慕容垂討伐と苻丕擁立
- 王永、丞相猛の子。清廉で学を好み、堅は扶風太守とした。弟の皮は凶悪で行いが悪く、建元十一年(375年)、散騎侍郎として謀反を企てたが事が発覚し、堅は猛の縁故から皮を赦して殺さず朔方の北へ移し、これを機に永を幽州刺史とした。永は撫恤の才に優れ大いに人心を得た。堅の淮南(淝水)の敗戦後、垂・萇が相次いで叛き乱が四方に起こると、永の意気はますます奮い立ち、平州刺史苻冲と共に二州の衆を率いて慕容垂を討伐した。

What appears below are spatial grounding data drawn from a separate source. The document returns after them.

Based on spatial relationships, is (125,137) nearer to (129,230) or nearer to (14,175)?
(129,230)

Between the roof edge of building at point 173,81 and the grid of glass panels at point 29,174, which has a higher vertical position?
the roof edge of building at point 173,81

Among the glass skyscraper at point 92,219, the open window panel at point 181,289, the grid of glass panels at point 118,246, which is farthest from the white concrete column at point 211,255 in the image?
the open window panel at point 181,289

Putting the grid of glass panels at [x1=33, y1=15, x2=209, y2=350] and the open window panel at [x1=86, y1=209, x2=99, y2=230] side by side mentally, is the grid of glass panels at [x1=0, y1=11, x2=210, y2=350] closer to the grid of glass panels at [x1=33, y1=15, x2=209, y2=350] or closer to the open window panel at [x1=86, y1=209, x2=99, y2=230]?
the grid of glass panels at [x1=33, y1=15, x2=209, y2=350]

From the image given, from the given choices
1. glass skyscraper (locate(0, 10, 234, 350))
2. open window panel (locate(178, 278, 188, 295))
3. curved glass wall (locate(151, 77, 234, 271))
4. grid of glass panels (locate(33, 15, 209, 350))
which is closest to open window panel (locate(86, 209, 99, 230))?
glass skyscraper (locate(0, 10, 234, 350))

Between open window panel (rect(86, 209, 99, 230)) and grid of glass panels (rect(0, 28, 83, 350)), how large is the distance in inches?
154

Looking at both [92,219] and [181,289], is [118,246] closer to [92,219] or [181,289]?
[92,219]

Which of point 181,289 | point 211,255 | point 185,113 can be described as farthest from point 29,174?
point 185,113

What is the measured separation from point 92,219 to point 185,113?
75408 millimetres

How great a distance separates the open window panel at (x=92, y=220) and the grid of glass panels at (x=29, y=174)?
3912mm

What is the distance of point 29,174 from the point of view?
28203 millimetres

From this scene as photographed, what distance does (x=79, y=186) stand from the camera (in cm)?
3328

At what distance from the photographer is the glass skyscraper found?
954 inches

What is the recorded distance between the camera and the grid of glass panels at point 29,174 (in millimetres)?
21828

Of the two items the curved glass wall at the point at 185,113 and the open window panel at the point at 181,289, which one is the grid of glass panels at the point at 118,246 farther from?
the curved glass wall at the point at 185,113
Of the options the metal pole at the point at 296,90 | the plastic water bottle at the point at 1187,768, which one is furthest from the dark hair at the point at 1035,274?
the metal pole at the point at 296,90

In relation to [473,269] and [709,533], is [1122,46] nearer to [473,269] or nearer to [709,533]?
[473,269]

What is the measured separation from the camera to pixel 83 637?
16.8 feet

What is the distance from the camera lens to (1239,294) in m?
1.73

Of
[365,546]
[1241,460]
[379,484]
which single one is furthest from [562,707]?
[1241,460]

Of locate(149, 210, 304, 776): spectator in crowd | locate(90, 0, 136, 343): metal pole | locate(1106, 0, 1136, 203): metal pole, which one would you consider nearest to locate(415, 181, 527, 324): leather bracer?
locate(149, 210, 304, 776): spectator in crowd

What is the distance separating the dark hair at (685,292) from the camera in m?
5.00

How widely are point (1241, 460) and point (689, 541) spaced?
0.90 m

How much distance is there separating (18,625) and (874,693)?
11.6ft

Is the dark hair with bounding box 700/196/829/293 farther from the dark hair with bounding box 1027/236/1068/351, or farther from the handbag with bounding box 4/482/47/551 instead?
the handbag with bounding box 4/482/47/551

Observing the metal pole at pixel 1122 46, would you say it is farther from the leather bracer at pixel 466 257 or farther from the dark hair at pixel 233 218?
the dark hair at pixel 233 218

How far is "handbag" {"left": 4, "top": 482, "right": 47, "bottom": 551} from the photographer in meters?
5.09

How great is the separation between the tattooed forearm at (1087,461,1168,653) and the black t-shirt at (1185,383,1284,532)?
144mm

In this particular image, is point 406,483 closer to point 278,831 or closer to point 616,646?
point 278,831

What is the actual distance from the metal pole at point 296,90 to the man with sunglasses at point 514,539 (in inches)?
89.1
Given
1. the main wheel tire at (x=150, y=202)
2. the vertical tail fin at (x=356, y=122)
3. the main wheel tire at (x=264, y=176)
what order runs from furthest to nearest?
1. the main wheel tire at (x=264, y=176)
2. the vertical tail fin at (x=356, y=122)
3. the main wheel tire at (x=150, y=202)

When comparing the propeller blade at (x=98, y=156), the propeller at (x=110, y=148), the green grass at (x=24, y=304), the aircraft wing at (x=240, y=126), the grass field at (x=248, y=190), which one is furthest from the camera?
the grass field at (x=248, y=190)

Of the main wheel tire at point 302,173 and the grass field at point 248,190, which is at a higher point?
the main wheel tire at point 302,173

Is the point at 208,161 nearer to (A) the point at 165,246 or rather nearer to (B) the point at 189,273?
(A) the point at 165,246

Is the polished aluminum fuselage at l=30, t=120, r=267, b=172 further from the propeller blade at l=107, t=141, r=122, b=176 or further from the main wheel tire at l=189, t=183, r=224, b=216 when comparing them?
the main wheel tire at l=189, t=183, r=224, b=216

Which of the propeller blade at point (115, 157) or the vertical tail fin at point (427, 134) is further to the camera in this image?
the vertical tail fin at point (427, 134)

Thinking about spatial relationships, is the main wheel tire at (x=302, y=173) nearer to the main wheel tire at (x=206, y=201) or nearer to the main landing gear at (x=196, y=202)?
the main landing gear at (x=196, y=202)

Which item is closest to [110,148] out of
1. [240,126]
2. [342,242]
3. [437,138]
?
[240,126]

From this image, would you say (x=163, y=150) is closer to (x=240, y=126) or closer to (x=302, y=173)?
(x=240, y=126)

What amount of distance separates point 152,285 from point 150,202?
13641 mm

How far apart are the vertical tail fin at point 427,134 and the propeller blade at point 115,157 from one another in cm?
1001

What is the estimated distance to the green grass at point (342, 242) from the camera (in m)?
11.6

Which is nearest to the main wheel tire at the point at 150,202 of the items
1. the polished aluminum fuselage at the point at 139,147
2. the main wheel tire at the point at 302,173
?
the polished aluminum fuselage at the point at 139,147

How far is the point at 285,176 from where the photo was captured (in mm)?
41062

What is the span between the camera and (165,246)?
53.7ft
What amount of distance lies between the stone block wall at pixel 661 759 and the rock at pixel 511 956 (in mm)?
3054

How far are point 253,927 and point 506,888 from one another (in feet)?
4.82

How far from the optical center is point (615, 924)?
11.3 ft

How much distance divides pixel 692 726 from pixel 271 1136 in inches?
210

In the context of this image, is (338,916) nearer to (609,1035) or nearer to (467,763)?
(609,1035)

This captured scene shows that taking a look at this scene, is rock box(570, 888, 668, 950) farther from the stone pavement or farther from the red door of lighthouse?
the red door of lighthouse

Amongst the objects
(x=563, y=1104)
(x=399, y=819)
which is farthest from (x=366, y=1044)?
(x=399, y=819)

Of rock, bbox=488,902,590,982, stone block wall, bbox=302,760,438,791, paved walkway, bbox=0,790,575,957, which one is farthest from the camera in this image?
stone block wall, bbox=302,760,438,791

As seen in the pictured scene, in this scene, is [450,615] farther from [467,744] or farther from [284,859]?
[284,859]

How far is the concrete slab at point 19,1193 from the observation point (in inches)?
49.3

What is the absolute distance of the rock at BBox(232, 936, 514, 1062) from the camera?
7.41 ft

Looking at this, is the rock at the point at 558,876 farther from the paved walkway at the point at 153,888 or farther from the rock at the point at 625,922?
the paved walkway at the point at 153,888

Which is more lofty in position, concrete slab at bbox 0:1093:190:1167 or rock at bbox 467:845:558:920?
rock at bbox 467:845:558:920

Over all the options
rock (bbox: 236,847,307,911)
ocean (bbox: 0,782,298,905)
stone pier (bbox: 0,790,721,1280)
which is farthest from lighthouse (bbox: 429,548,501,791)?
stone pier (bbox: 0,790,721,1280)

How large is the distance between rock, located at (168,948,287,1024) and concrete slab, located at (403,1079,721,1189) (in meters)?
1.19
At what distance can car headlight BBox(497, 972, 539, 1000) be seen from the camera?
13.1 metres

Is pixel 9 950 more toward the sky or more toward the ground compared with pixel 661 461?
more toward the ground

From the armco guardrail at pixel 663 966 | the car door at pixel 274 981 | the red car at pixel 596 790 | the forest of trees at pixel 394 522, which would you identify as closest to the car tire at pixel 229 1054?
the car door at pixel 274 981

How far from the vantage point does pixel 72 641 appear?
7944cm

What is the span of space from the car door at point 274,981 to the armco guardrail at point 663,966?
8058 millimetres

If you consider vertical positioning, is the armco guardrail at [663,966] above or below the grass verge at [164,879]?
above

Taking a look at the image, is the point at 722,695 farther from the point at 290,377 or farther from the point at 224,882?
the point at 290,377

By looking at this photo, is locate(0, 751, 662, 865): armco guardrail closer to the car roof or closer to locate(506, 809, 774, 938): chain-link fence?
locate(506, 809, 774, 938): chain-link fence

垂は将の平視に迎撃させ、永は昌黎太守宋敞にこれを范陽で防がせたが敞の兵は敗れ、平視は薊の南に進んだ。永は振威劉庫仁に救援を求め、庫仁は妻の兄公孫希に三千の騎兵を授けて救援させ、平視を薊の南で大破した。永は勝ちに乗じて長駆し唐城に進み慕容麟と対峙した。慕容垂は再び慕容佐を平視と共に薊に攻めさせ、永は力戦したがしばしば敗れ、宋敞に和龍・薊城の宮室を焼かせ、三万の衆を率いて壺関へ逃れた。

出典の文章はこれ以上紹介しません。